_The problem_. Exclude images, then output the remaining data verbatim.

_Data excerpt_.
━━━━━━

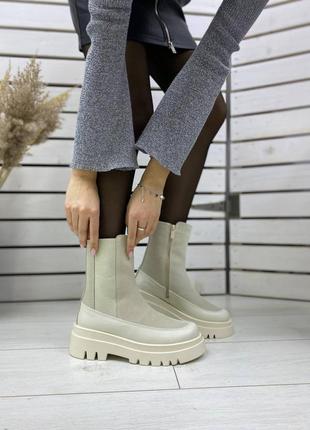 Женские зимние ботинки, разные цвета3 фото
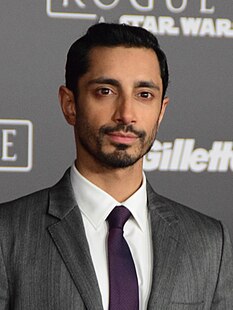 Riz Ahmed at the Rogue One - A Star Wars Story - World Premeire Red Carpet - DSC 0437 (31547570706) (cropped).jpg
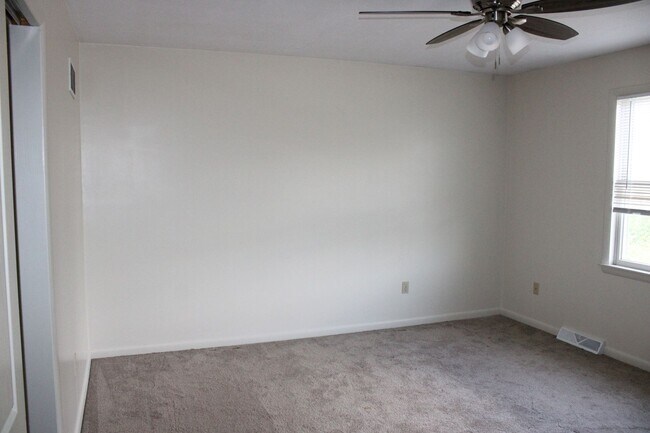 Building Photo - 267 Ark Dr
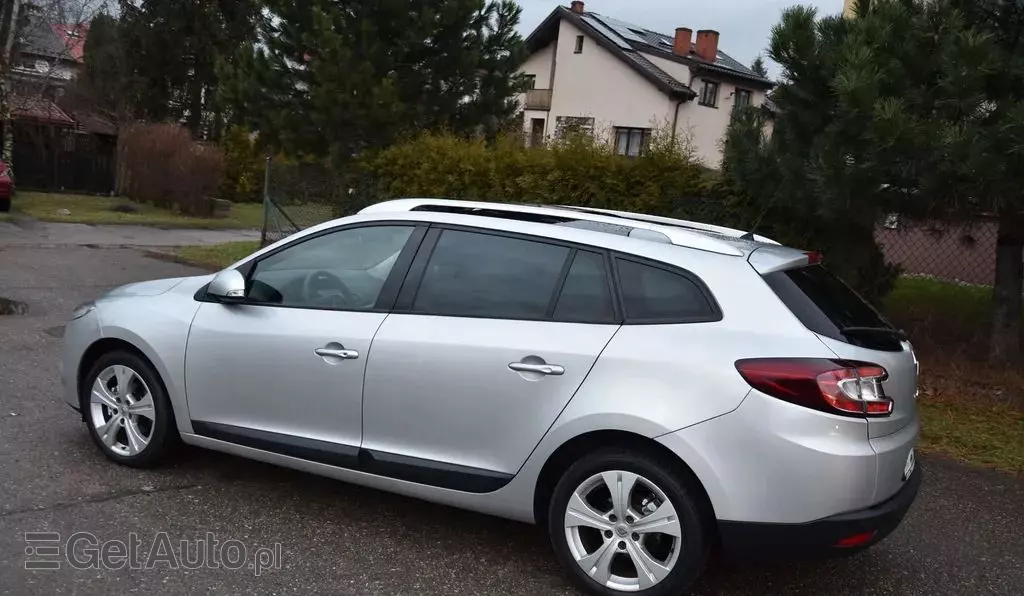 RENAULT Megane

━━━━━━

_Task response_.
 Женские зимние ботинки, разные цвета3 фото
 Riz Ahmed at the Rogue One - A Star Wars Story - World Premeire Red Carpet - DSC 0437 (31547570706) (cropped).jpg
 Building Photo - 267 Ark Dr
 RENAULT Megane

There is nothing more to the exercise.